OPINION

Remember to take the people with you

Now that the municipal and prefectural elections have passed and teachers are returning to school following a long strike that ended after a meeting with the prime minister and in view of the looming challenges in relations between the European Union and Ankara, it would be useful to try to clear up the political confusion. Younger politicians tend to base their opinions on the output of television panels or on their contacts with Greece’s new bourgeois class. Greece, however, is more than the microcosm of the average government minister or senior party cadre. Greece is also the voters of Panayiotis Psomiadis, a politician who shunned the attacks of the media establishment and renewed his prefectural mandate in the first round of voting. The majority of the Greek media attributed Psomiadis’s comfortable re-election to the particulars of the city’s electorate.
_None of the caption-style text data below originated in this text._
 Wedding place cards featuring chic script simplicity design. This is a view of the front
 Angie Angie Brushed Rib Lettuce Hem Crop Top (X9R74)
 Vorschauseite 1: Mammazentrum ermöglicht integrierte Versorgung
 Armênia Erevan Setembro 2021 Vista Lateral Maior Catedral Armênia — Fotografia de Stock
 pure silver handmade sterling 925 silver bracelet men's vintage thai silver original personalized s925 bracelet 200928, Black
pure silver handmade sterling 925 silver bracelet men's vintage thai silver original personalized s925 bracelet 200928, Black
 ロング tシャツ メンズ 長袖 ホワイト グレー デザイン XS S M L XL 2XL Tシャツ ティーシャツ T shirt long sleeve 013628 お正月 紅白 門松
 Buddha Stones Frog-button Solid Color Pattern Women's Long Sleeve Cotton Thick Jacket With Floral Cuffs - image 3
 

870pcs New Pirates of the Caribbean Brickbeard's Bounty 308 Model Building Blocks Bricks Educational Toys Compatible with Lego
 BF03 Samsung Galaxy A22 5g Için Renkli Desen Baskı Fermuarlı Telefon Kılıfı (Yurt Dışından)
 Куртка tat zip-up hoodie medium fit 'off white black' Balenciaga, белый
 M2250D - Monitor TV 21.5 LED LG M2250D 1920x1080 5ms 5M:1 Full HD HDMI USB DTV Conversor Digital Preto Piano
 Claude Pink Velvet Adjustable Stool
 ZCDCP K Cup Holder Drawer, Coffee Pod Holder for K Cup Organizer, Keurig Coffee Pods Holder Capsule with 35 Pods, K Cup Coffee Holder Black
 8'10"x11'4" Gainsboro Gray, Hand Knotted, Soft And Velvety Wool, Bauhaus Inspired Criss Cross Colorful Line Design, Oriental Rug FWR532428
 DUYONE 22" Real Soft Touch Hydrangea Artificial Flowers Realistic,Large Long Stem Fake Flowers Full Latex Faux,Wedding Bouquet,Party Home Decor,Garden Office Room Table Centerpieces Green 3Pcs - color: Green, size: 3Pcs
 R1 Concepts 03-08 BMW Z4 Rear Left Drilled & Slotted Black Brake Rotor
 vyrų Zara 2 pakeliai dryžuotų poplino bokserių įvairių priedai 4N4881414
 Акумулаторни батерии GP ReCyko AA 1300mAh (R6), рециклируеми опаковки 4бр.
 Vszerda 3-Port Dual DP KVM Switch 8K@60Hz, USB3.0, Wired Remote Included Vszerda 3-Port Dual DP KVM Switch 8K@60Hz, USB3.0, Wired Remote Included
However, such superficial interpretations only confirm the view that the country’s social elite is ignorant and out of touch. A second matter that needs thorough examination is the crisis in the education sector. What is really at issue here is not the need for reforms, which would anyway have very little to offer, but the cost of shunning the empirical political approach in favor of head-on confrontation. Greece has in the past suffered a heavy toll from communists who wanted to undo the established social and economic structure for the sake of a revolutionary program that was said to be to the benefit of all the people. Now a faction of reform-minded liberals claims to have come to Greece’s rescue, urging the political leadership to attack any social group that expresses skepticism over the proposed changes. Greek society, the theory goes, is split between an enlightened elite and the conservative masses who must be awakened to their true interests. In meeting with the striking teachers, conservative leader Costas Karamanlis demonstrated that old-school politics can still be very effective. What the people think is important, and that should be taken into account when the European Council meets to assess Turkey’s progress in its EU negotiations. Foreign policy cannot be exercised in a vacuum. It must respect public opinion, whether genuine or constructed.